Sequestro amministrativo a Bari per l’Ocean Viking

Sos Mediterranee ha reso noto che l’Ocean Viking è stata sottoposta a sequestro amministrativo a Bari. La ONG ha espresso il proprio dissenso riguardo al provvedimento, definendo il “decreto Piantedosi” come ingiusto e punitivo nei confronti dei soccorritori umanitari. Secondo la ONG, la nave è stata fermata per una presunta violazione di questo decreto per la seconda volta in due mesi. La coordinatrice SAR di Ocean Viking, Anita, ha dichiarato: “Questo decreto legge è l’ennesimo tentativo di ostacolare l’assistenza alle persone in pericolo. È stato concepito per tenere le navi SAR fuori dal #mediterraneo per lunghi periodi, il che produce altre morti in mare“. La ONG ha sottolineato che la nave è stata fermata a causa di una minima deviazione dalla sua rotta verso Bari, la quale non ha comportato alcun ritardo su un viaggio di quasi 3 giorni. Inoltre, i tre soccorsi effettuati, che hanno coinvolto 244 persone, sono stati condotti sotto il coordinamento delle autorità marittime.

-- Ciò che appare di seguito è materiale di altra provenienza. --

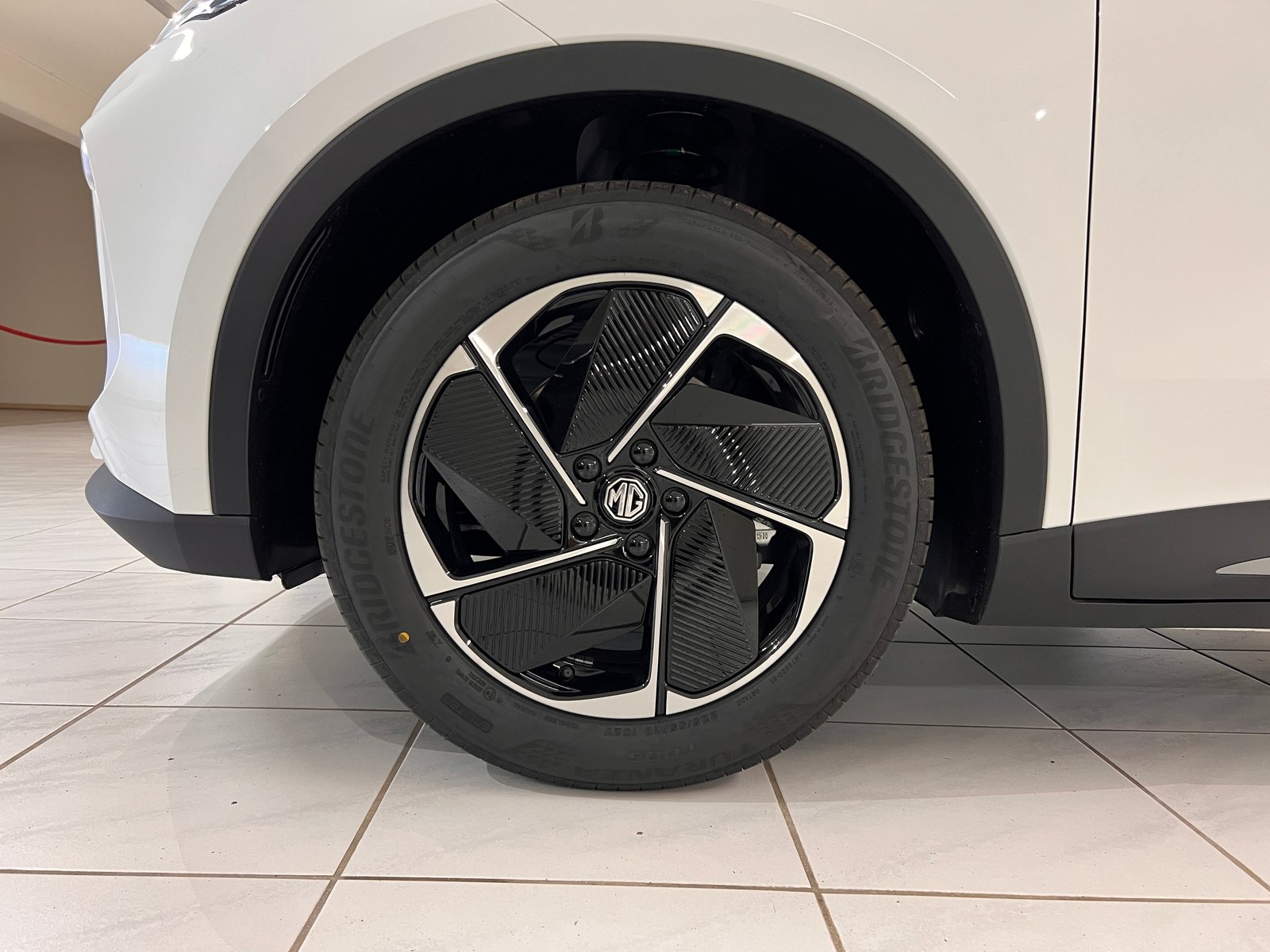 MG S5 EV 64kWh Luxury, Elektro, Neuwagen, Automatik - 6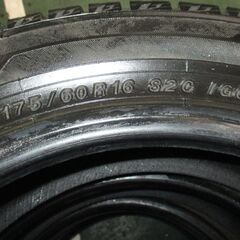 スタッドレスタイヤ　175/60R16　走行ｋｍにもよりますが、２年は大丈夫。！の画像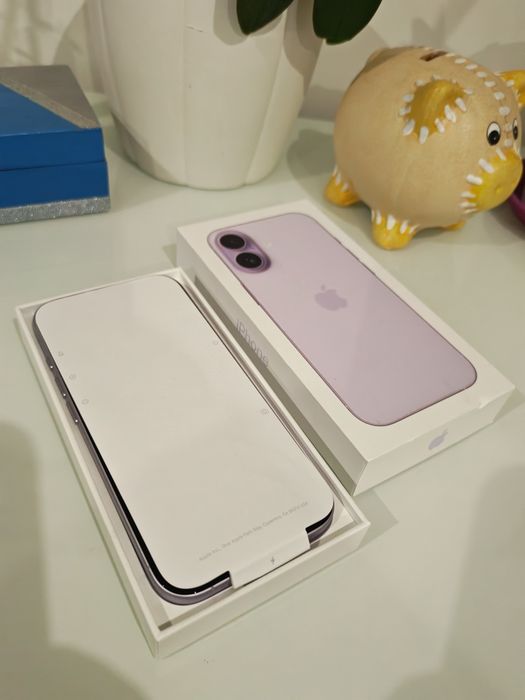 IPhone 17 256g sim-novo com factura e garantia até 06/2029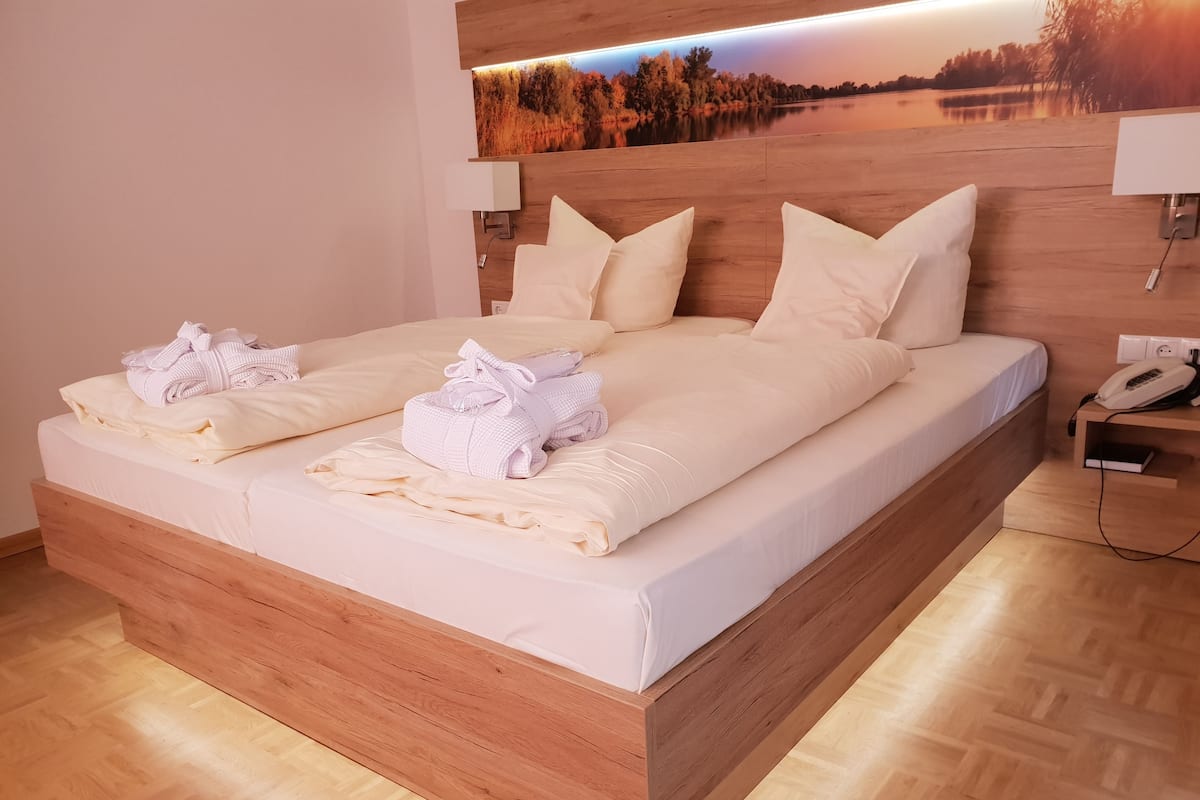 Phòng Suite | Minibar, bàn, bàn ủi/dụng cụ ủi quần áo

La reazione di Sos Mediterranee

Sos Mediterranee ha espresso la propria indignazione riguardo al sequestro amministrativo dell’Ocean Viking. La ONG ha definito il “decreto Piantedosi” come un provvedimento ingiusto che punisce i soccorritori umanitari per aver svolto il loro lavoro nel Mediterraneo. La coordinatrice SAR di Ocean Viking, Anita, ha sottolineato che il decreto è stato concepito per ostacolare l’assistenza alle persone in pericolo e per tenere le navi SAR lontane dal Mediterraneo per lunghi periodi, il che potrebbe causare ulteriori morti in mare.

La situazione dell’Ocean Viking

L’Ocean Viking è stata sottoposta a sequestro amministrativo a Bari a causa di una presunta violazione del “decreto Piantedosi”. La ONG Sos Mediterranee ha espresso la propria contrarietà riguardo a questo provvedimento, definendolo ingiusto e punitivo nei confronti dei soccorritori umanitari. La coordinatrice SAR di Ocean Viking, Anita, ha dichiarato che il decreto è stato concepito per ostacolare l’assistenza alle persone in pericolo e per tenere le navi SAR lontane dal Mediterraneo per lunghi periodi, il che potrebbe causare ulteriori morti in mare.